No me refiero a que en Bolivia no haya buenos escritores. Los hay, contados pero existen. Y aquellos que pudieran ser mejores, crecer en un arte que no sólo es inspiración sino trabajo (remontándonos al viejo Wilde), son atenazados por la desidia alrededor que se extiende como lodo sobre el panorama nacional.
Lundin Peredo, dichoso él, escapó de las garras de un malhechor que él mismo podría haber inventado: macabro demonio antiletrado que se alimenta de las buenas páginas de los manuscritos de los oscuros, ignotos, aindiados autores. Demonio que se escuda en la tradición, en el racismo, en las faldas de la abuelita y la tiíta, del profesor y del fraile (padrecito), en las botas hediondas del ejército y en la malsana mezquindad que nos caracteriza. A Dios gracias (Dios ha muerto) vive en la región de Halland, Suecia, y añora aquel bello y maldito polvo que recordamos todos, la multifacética Bolivia cuyo único error y mal destino fue parirnos -a nosotros, bolivianos-. En Halland, Lundin Peredo remonta su imaginación al rincón “perdido” y la suma a la amplia gama de sus lecturas como a su ajeno a medias) entorno, para dar lugar a una auténtica originalidad que tiene que ser provechosa para animar la caducidad de nuestras letras.

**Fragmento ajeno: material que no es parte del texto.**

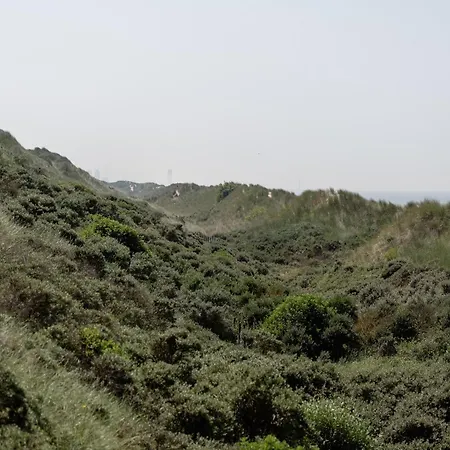 In With Sea Views *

Al decir caducidad no me refiero a los temas, que muchos tenemos y muy ricos, más bien a la falta de entereza para hallar un camino propio, una literatura verdaderamente nacional, así hable, como en el caso de Miguel, de atormentados vampiros o de mutantes duales, caso Mature Tinku Fighter, Kosovo Orchid, Araña Argentina, Veneno Lúndico, todos personajes de una irrepochable y ambiciosa galería de seres que alternan ambos mundos, todos los mundos como su progenitor.

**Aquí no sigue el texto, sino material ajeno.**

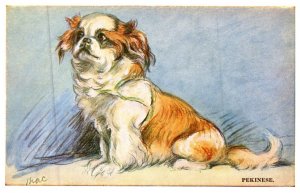 Dog , Pekinese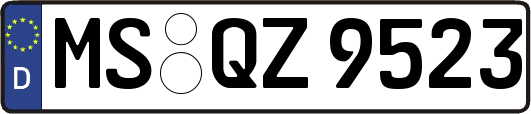 MS-QZ9523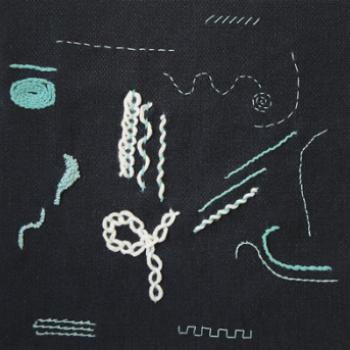 Straight and Line Family Stitches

Miguel Lundin Peredo no apuesta por la imitación, intenta abrirse por un paso cerrado en artificio; representa de manera genuina su juventud (nace en 1983, en Santa Cruz). Generación que crece bajo el augurio de la tecnología, cuyos márgenes desbordan en lo extenso como en lo intenso, con una búsqueda particular de asociar lo antiguo, hasta lo mítico, con la pantalla del computador, con una contemporaneidad avasallante. Es el tiempo, aunque lo fue también para nosotros, del comic, de la televisión, de la animación por computadora cada vez más sofisticada, de la explosión del cine como fenómeno de masas, y de la asunción de éste como parte del erario personal y casero a través del video y del DVD. Epoca que rescata a Leónidas y sus espartanos y adapta su historia a una estilizada y notable cinta (300), producto de alta tecnología. Ello no descalifica a los griegos clásicos y se puede continuar leyendo a Eurípides, o a Jenofonte, o acerca de las Termópilas sin desapreciar los productos artísticos de hoy.

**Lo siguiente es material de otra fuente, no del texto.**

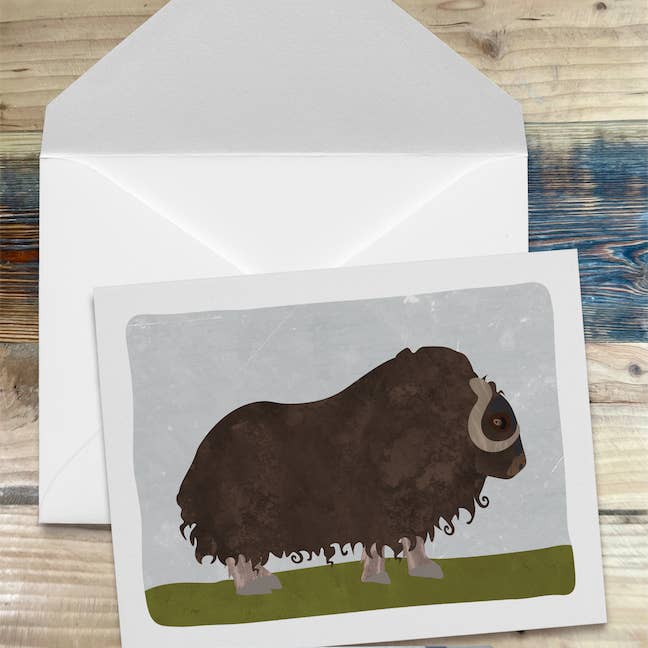 Wren and the Raven - Wholesale Stationery/Notecard Set - Alaska Wildlife Series Notecards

Miguel Lundin Peredo inventa (crea, imagina) el Realismo Lúndico (una variación de su apellido), que sin descartar lo mágico penetra en las ansiedades y deseos ocultos del individuo; en la antesala donde el sueño y lo cotidiano se entremezclan, en un espacio donde la violencia ha establecido raíces y donde se disputa la eterna brega entre el Bien y el Mal.
Heredero de Mad Max y de Belphégor, el fantasma del Louvre que se remonta al asirio Baal-Peor; del cine extraordinario de Delicatessen o La Cité des enfants perdus; de Vidocq y la narrativa fílmica de Guillermo del Toro, Miguel Angel Lundin propone, por primera vez en nuestras letras, una auténtica universalidad, que junto a la herencia de Tolkien o C.S. Lewis ¿Poe?, Stephen King, entre otros, debe también su notable intención al ancestro autóctono, urbano y creativo de autores como Víctor Hugo Viscarra, sito en la extraña ciudad de La Paz (Olympuscollo en la obra de Lundin), donde “la realidad es más macabra que la fantasía” (lo diría él).